### [TO DO]
Look below for the line with "DRC at the UN: Zénon"; begin the copy there and stop after the line with "480 Mass Ave #1R — Photo 8", keeping the text exact and the pictures out.

### [DATASET RECORDS]

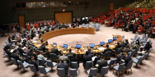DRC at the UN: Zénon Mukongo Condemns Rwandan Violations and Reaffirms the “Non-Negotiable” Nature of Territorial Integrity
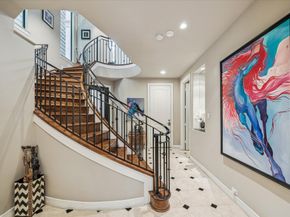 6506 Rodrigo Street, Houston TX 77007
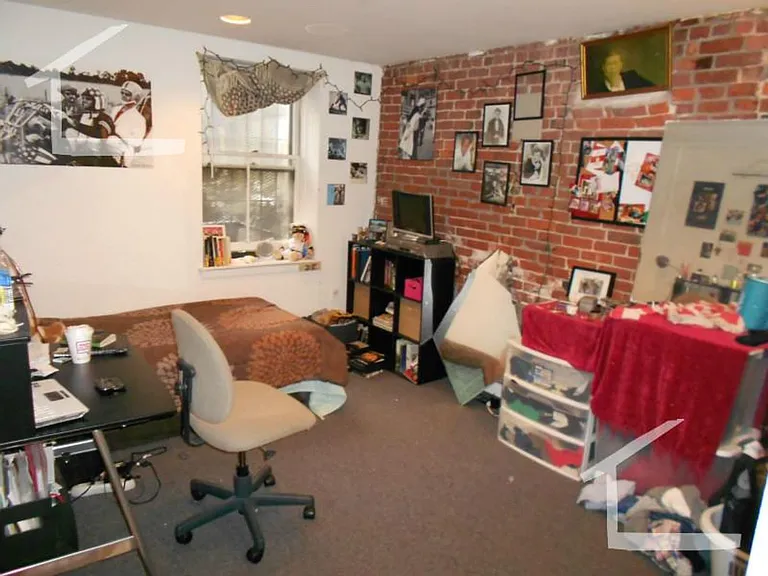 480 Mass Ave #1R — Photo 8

==

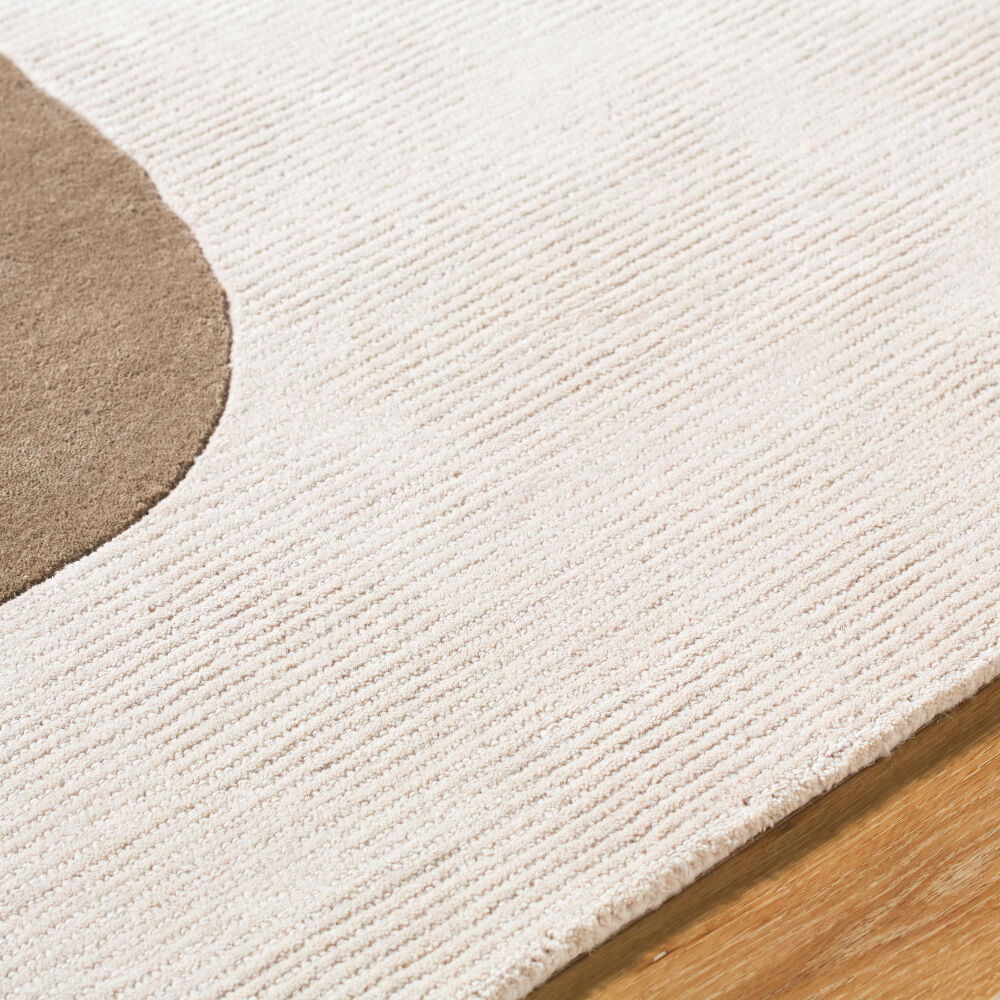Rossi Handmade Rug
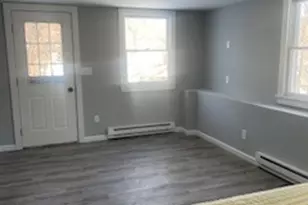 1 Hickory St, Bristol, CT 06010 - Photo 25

### [RESULT OF THE EXERCISE]
DRC at the UN: Zénon Mukongo Condemns Rwandan Violations and Reaffirms the “Non-Negotiable” Nature of Territorial Integrity
 6506 Rodrigo Street, Houston TX 77007
 480 Mass Ave #1R — Photo 8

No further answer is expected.